• Saturday, April 20, 2024
businessday logo

BusinessDay

The Kim Hill conundrum facing Nigeria’s legacy journalists

Journalism

Here is a trivia question: Which globally recognised Hip-hop group from the 1990s has sold millions of records and received multiple Grammy awards and nominations? If your answer is ‘The Fugees,’ then technically you are not wrong. The answer I was looking for however is ‘The Black Eyed Peas.’ Since releasing their breakout single “Where is the Love?” in 2003, the four-person group has sold 27 million records, sold out several world tours and won three Grammy awards. There is, however, something I am sure you do not know about them.

If I were to ask you who the members of the group are, you would immediately respond, “Will.i.am, Fergie, Apl de App and Taboo.” What you probably do not know is that Fergie became a member of The Black Eyed Peas the same way Robinho became a part of Manchester City in 2008 – a late addition parachuted in under new management for purely commercial purposes just before the group scored its breakout success. If you search for older Black Eyed Peas music videos from the late 90s to 2003, the sole female member of the group is an unfamiliar face with a voice you have probably never heard.

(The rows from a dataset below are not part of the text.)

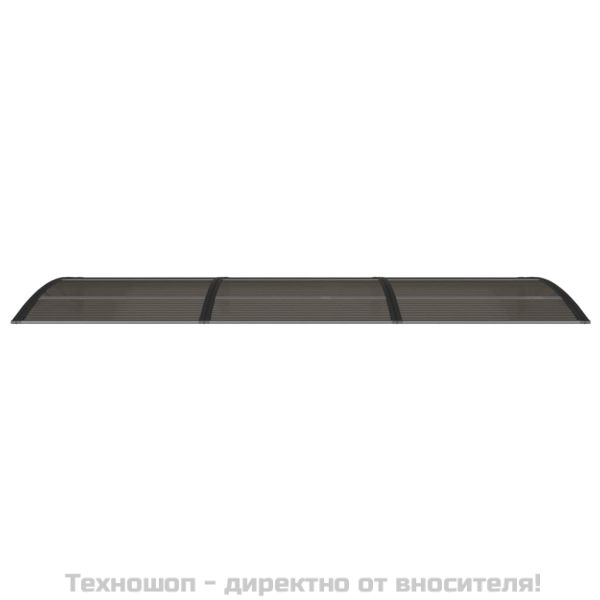 Навес за врата, черен, 300x100 см, поликарбонат
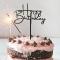 happy birthday  CAKE TOPPER, black  15 x 10 cm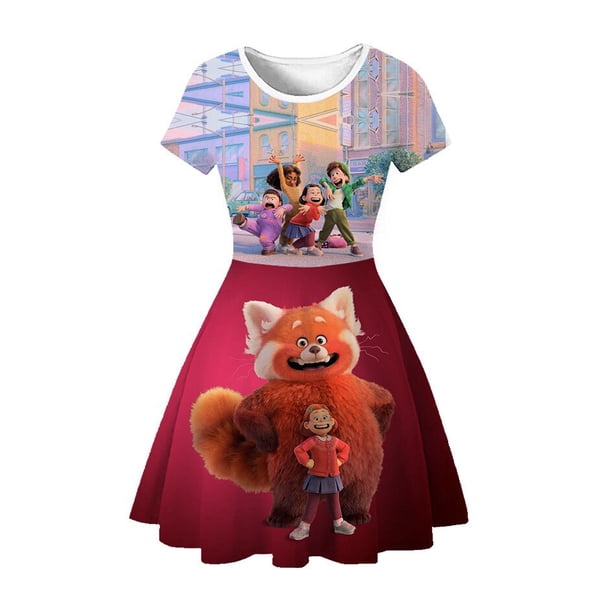 Turning Red Disney Ropa Niñas Vestido de verano Niños Cosplay Mei Panda rojo Estampado de dibujos animados Traje de encanto Casual Princesa Vestidos7-8T (Etiqueta 140) Gao Jinjia LED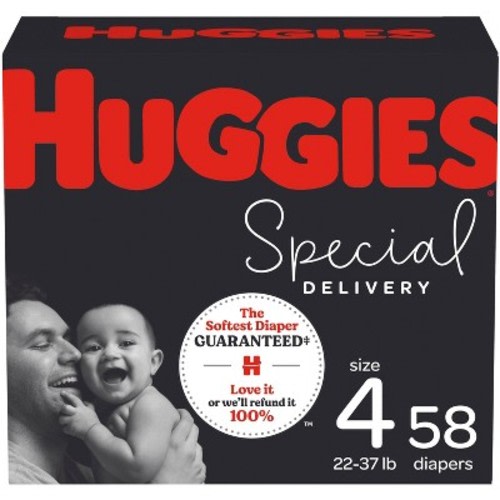 Huggies Special Delivery Hypoallergenic Baby Disposable Diapers Super Pack - Size 4 - 58ct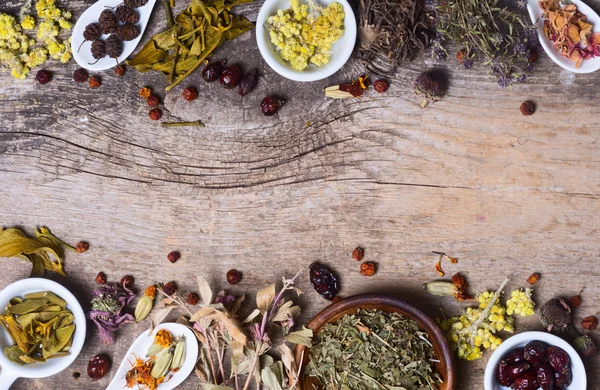 Herbs in wooden spoon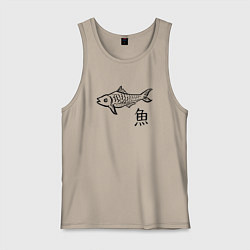 Майка мужская хлопок Рыба с японским иероглифом, цвет: миндальный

This is a story about how doing things “the right way” and refusing to evolve can rapidly turn into an exercise in futility in today’s world.

The Kim Hill back-story

Kim Hill, now an attractive middle-aged woman with a teenage son was the original female member of the group. She describes her style as the quintessential mid-to-early 90s Hip-hop/Soul sound. Think of the voice of Mary J. Blige, the rhythm of Macy Grey and the stage personality of Eve. According to Kim, she could see toward the end of the 90s that Hip-hop was evolving into a heavily commercialised industry, with a very distinct set of expectations for male and female artists.

The rappers were no longer allowed to just be the goofy, carefree kids that they initially were at the dawn of rap music. They were now expected to play up their street credibility and make liberal reference to the streets and gangsta culture because that was hot on the streets at the time. The women were no longer to be seen as protagonists in the same way as the men. They were now to become sensual eye candy, with lyrics, outfits and dance moves packed to the rafters with sexual innuendo.

While Kim did not have a problem with the evolution of the genre, she did have a problem with being expected to play that role within the Black Eyed Peas. The group came together in the streets of East LA where they had a background in the original culture of Hip-hop – not the glitzy, heavily produced version that would later capture the charts at the turn of the millennium. The other group members did not necessarily expect her to play the role of the group’s sex kitten, but that was what the ecosystem around them – and the record label – increasingly asked of her. It wanted her to in her words, “Wear a bikini and grind on Will.i.am.” She had a decision to make – stick with it and become part of history with a fast-rising group or walk away with her ideals and professional pride intact.

Kim chose to walk away from everything – The Black Eyed Peas, the record deal, the new upcoming album that was going to launch her career as a bona fide superstar, the dream of touring the world as a headline artist – everything. She went back to LA and settled back into regular life as a regular person with the occasional gig here and there. And then the Black Eyed Peas went platinum.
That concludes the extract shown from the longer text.